This dresser has a story. A story about quality construction in furniture they just don't seem to make anymore, and a lovely little town in North Carolina that I'd love to visit one day!
It had a very dated yellow finish. And it was dirty and grimy, with chips in the paint.
And somewhere along the line someone had lost some of the hardware pieces and "matched" (and that's putting it loosely) the original hardware.
After I spent DAYS prepping this piece and sanding and cleaning away decades of dirt and grime, I realized what a solid, well-built piece of furniture it was. Gorgeous construction, perfect dove-tail joints, drawers that worked perfectly, no wobbles and 100% solid wood. I was kind of falling in love with this piece!
I noticed a faint furniture mark on one of the drawers that I couldn't quite make out. So I took a picture and magnified it to figure out what company manufactured it.
The bottom line says, "Mount Airy, North Carolina". It was hard to tell what the top line said, but it looked like it started with the word, "Mount".

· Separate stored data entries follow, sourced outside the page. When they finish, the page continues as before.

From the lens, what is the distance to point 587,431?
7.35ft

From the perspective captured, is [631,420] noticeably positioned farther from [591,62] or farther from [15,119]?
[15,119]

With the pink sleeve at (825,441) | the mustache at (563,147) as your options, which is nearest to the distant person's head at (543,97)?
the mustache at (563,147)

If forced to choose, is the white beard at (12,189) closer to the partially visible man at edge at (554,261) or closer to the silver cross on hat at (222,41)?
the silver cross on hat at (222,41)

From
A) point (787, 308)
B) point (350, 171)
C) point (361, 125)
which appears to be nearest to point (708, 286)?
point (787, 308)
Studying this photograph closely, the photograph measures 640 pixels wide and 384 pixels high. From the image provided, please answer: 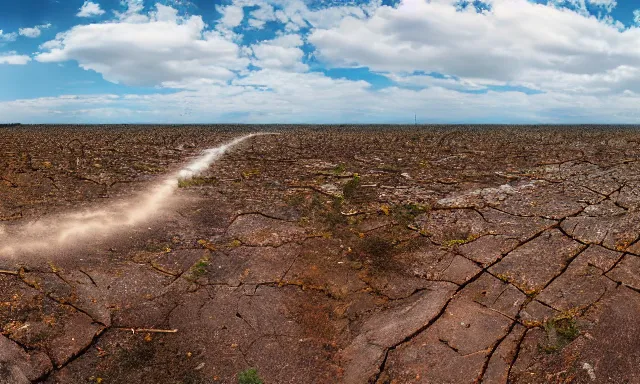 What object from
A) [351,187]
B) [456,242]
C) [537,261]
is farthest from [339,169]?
[537,261]

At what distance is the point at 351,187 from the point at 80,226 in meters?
6.17

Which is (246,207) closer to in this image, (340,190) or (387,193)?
(340,190)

So I did a little detective work. And to take a break from the stifling heat of the garage - gotta love hot summer days! Turns out Mount Airy, North Carolina is a quaint little town nestled among the hills of North Carolina that at one time had a bustling furniture industry. I'm pretty sure that this came from the Mount Airy Furniture Company and was so pleased that my clients had picked out such a lovely piece from true artisans! Sadly, the company is now defunct. A fire completely destroyed the factory in 1997.

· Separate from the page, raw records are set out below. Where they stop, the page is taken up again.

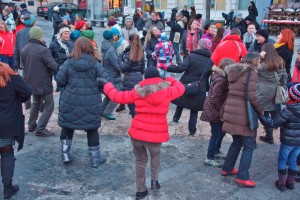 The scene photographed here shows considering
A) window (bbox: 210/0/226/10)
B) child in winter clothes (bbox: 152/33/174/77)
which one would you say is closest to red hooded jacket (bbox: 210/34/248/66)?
child in winter clothes (bbox: 152/33/174/77)

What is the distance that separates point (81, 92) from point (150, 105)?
1187mm

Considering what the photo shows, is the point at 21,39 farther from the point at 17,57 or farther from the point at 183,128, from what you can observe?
the point at 183,128

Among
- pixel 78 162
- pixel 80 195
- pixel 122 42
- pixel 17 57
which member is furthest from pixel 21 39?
pixel 80 195

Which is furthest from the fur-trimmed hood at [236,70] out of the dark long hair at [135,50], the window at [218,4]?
the window at [218,4]

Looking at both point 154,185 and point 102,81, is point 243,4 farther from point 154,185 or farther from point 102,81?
point 154,185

|Mount Airy Furniture CompanySource: North Carolina Museum|
But wait, there's more! Mount Airy's other claim to fame is that the town is loosely based on Mayberry R.F.D. from the Andy Griffith Show.
|Mount Airy, North Carolina|
This was Mr. Griffith's hometown and he is lovingly remembered here with Opie outside the Andy Griffith Museum.

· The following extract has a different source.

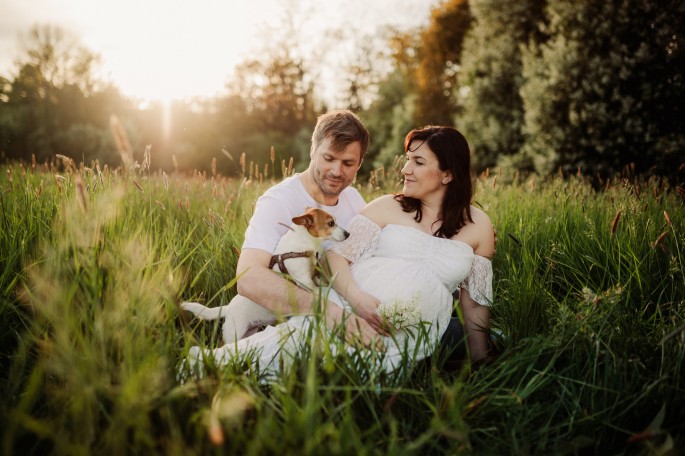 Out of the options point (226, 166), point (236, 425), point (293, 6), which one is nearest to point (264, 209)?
point (236, 425)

So with my curiosity satisfied, it was back to the furniture makeover! I primed the dresser, and painted it in a custom white color mix of Annie Sloan Chalk Paint. I mixed Pure White and Old White, in equal parts. Sometimes Pure White is just too white, and Old White is too yellow. This seemed like a perfect compromise of the two colors!
My clients picked out new hardware from Hobby Lobby. The existing holes had to be filled in and sanded smooth. And then new holes for the hardware drilled (thanks, Dad!). The new hardware really gives it an updated, modern look!
My clients requested a worn look, so I distressed it slightly in areas where it would have been naturally worn over time. The entire piece was sealed with General Finishes High Performance Top Coat in Satin.
So that's the story of a makeover of a dresser that had seen better days and the lovely little town it came from. I'd love to visit this area one day and explore! I'm so happy this gorgeous dresser went to a wonderful couple who are thrilled to be this generation's owners!
|Photo courtesy of owners|
Thanks for stopping by and enduring my little history lesson!